▶ _Try it_: Using the listing below, reproduce exactly the lines from the one with "And we have" through the last, with all pictures left out.

▶ _Information shown_:
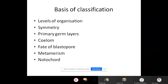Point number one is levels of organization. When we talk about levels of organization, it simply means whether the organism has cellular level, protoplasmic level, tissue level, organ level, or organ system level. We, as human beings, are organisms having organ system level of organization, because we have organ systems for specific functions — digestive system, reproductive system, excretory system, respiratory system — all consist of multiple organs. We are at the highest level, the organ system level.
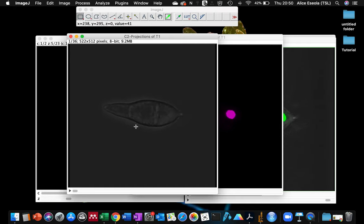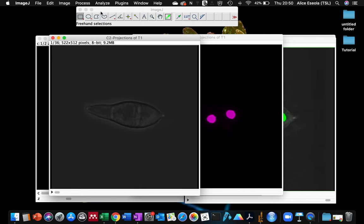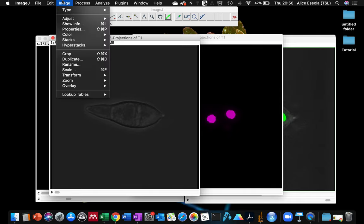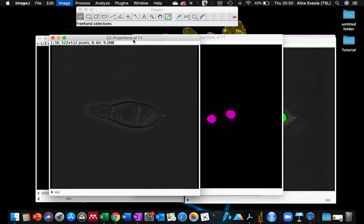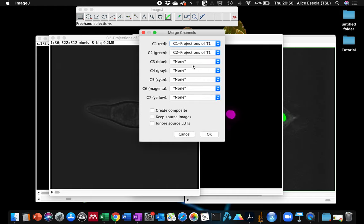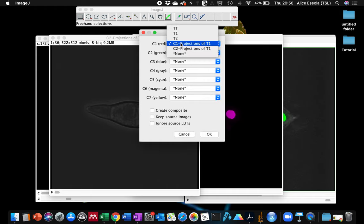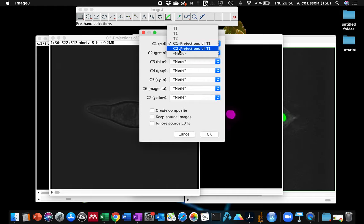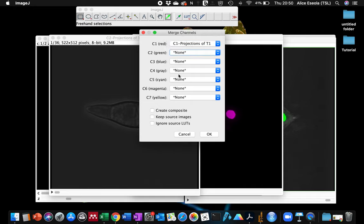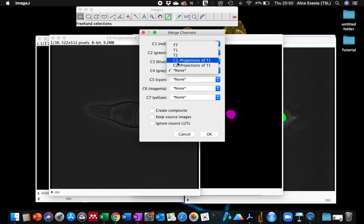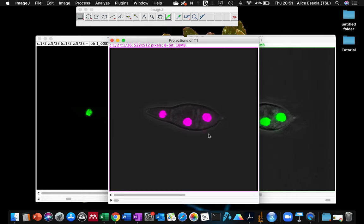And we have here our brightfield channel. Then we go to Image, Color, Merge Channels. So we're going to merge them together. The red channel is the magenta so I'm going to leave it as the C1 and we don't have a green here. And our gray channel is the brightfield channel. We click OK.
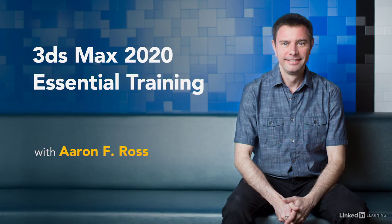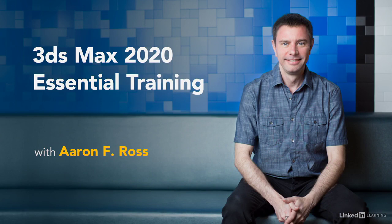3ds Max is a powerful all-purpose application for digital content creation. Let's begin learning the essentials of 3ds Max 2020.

▶ _Reply_:
And we have here our brightfield channel. Then we go to Image, Color, Merge Channels. So we're going to merge them together. The red channel is the magenta so I'm going to leave it as the C1 and we don't have a green here. And our gray channel is the brightfield channel. We click OK.
3ds Max is a powerful all-purpose application for digital content creation. Let's begin learning the essentials of 3ds Max 2020.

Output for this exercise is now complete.